WHAT IS BEING ASKED: Print exactly the line that contains "Deluxe Room, 1 King Bed" along with every line beneath it to the end of the records below, and omit pictures.

PROVIDED INFORMATION:

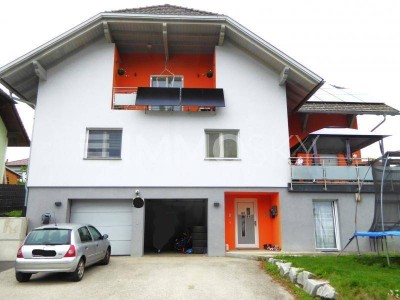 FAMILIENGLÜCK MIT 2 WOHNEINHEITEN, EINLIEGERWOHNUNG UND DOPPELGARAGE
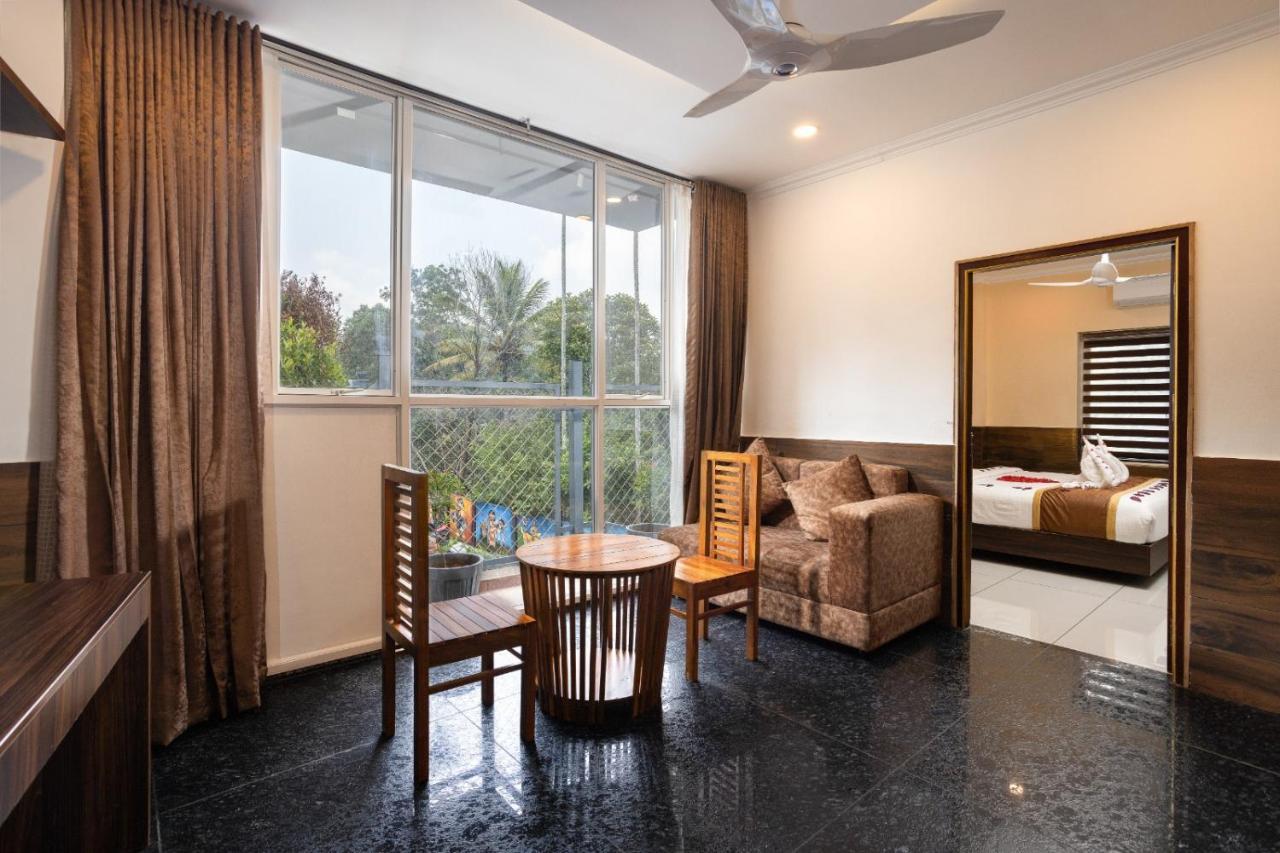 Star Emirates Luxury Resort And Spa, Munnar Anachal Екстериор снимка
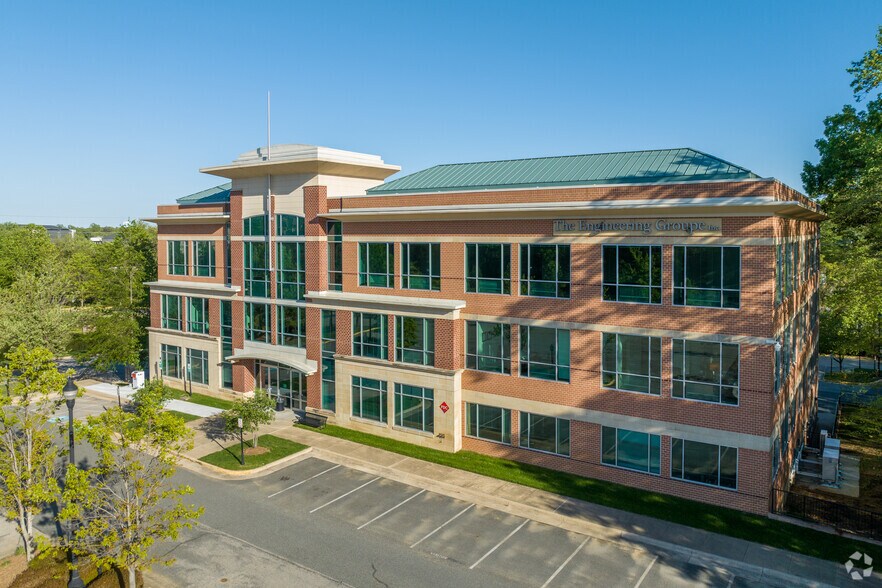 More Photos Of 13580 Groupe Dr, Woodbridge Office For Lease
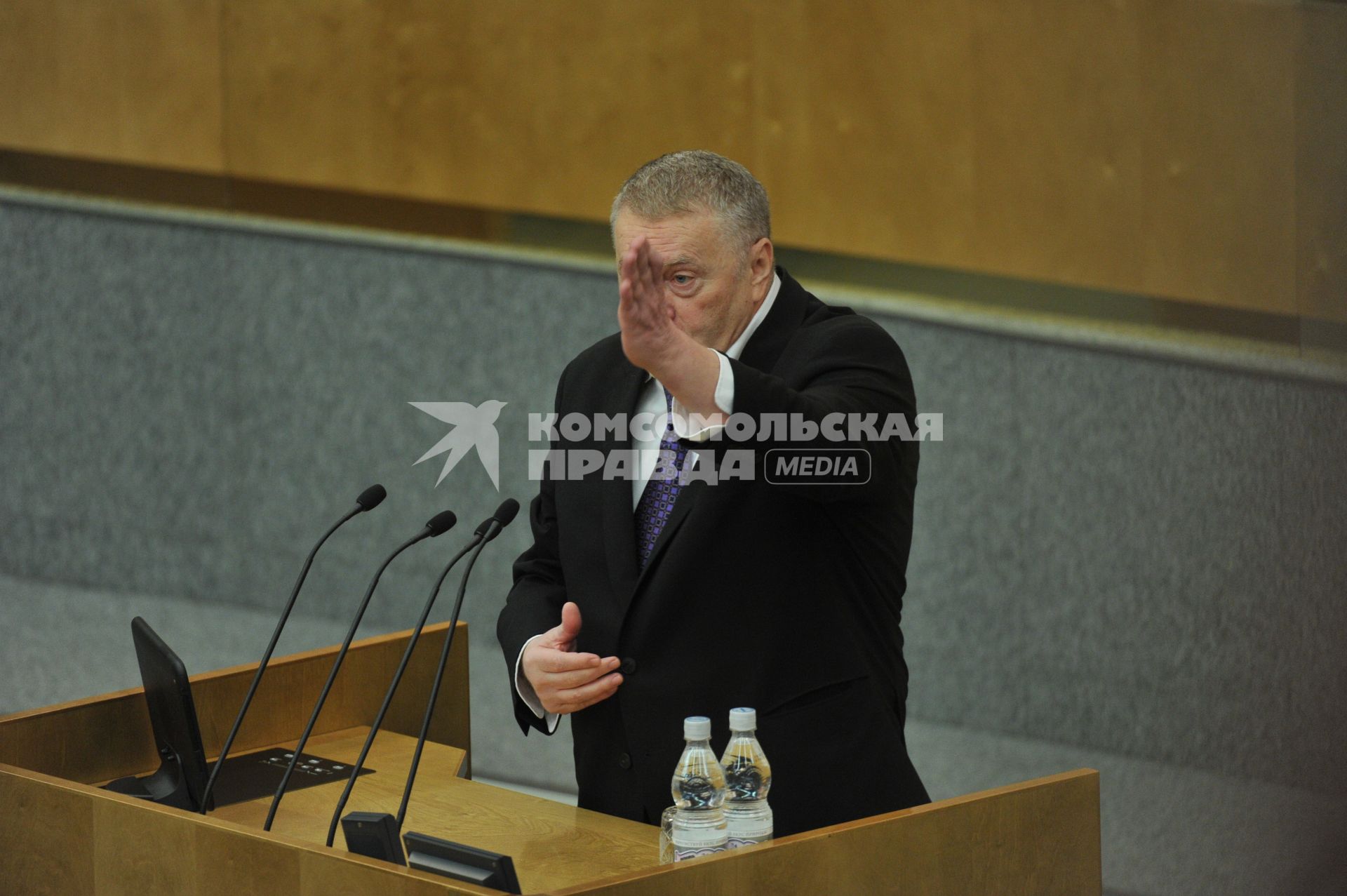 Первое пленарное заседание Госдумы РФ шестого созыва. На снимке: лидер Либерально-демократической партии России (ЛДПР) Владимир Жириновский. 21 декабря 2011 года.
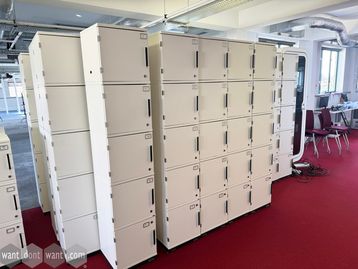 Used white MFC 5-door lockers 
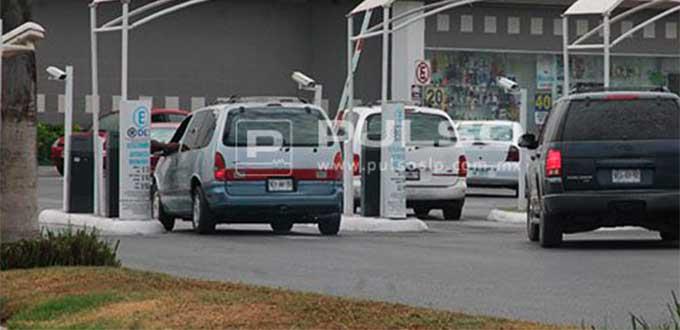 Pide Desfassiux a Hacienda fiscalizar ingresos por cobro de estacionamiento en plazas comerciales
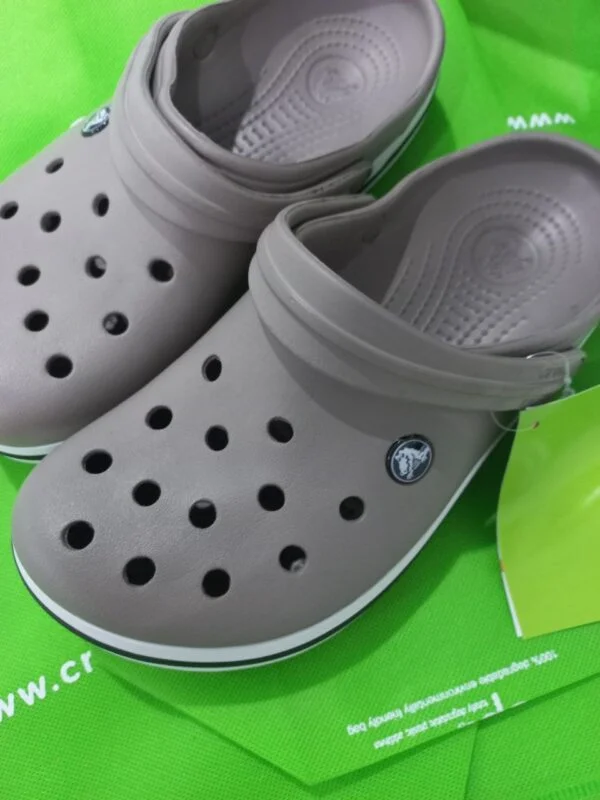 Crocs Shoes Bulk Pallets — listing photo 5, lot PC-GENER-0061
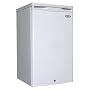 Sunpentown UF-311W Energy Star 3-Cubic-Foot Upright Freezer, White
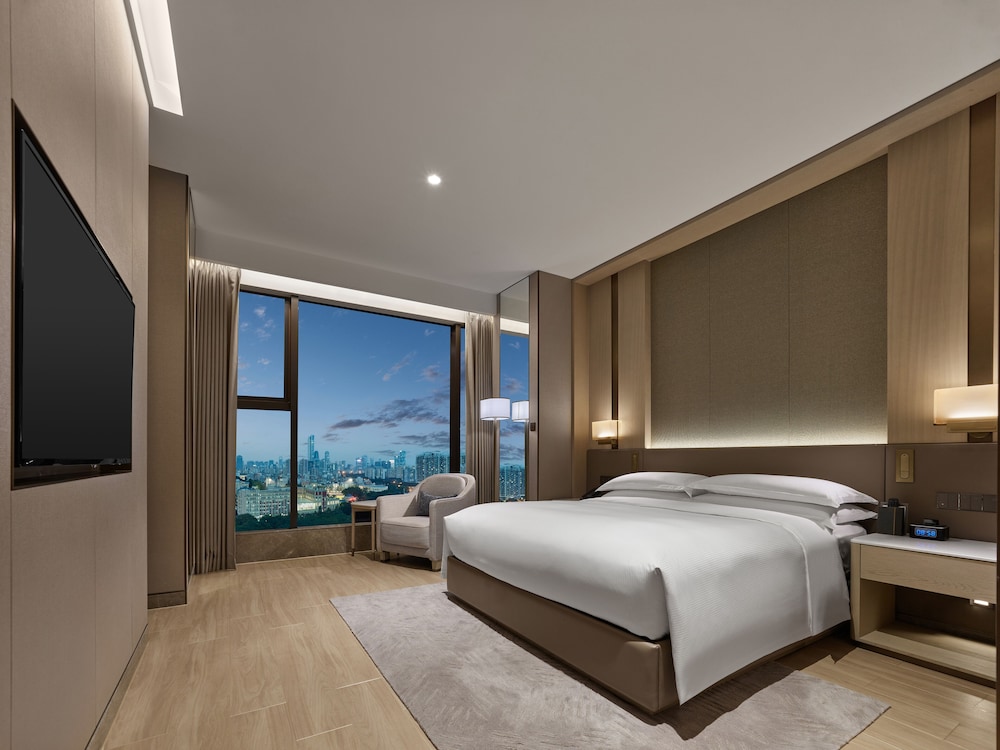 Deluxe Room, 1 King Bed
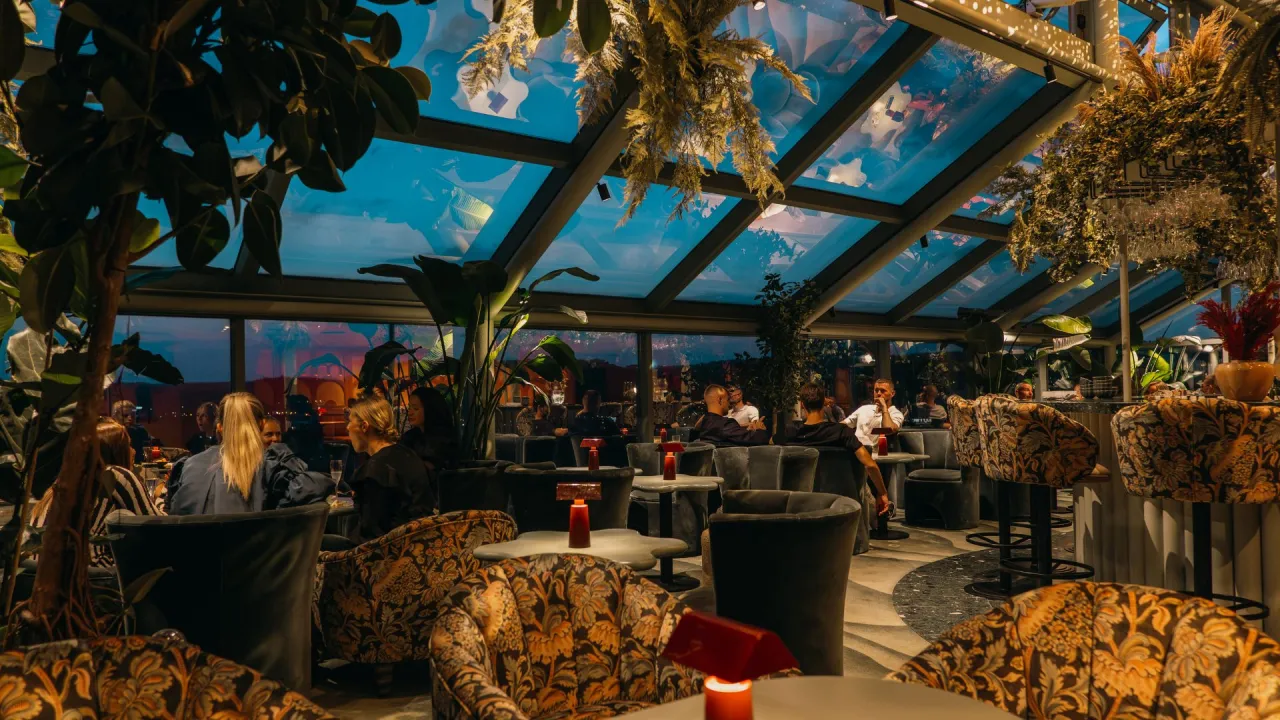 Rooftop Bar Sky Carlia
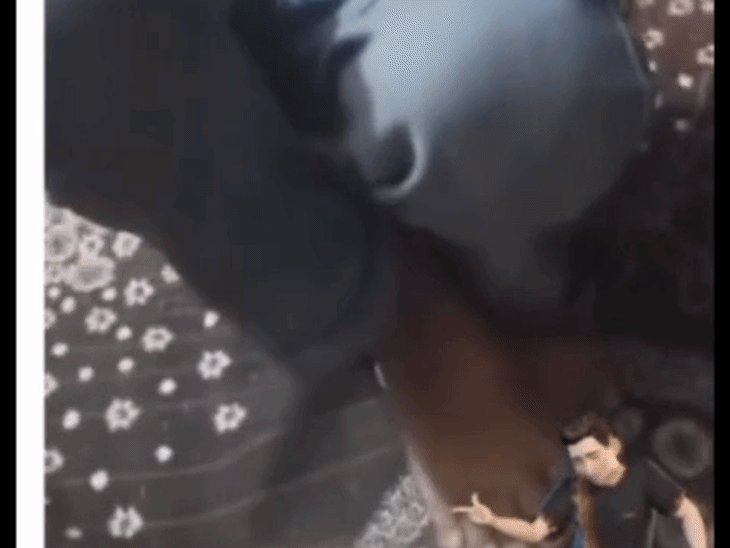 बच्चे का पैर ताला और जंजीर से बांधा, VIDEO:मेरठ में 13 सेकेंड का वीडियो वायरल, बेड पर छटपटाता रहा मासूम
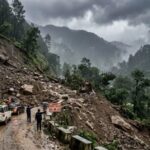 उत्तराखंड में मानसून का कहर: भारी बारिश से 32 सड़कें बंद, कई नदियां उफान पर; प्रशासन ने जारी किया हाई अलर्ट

OUTPUT FOR THIS TASK:
 Deluxe Room, 1 King Bed
 Rooftop Bar Sky Carlia
 बच्चे का पैर ताला और जंजीर से बांधा, VIDEO:मेरठ में 13 सेकेंड का वीडियो वायरल, बेड पर छटपटाता रहा मासूम
 उत्तराखंड में मानसून का कहर: भारी बारिश से 32 सड़कें बंद, कई नदियां उफान पर; प्रशासन ने जारी किया हाई अलर्ट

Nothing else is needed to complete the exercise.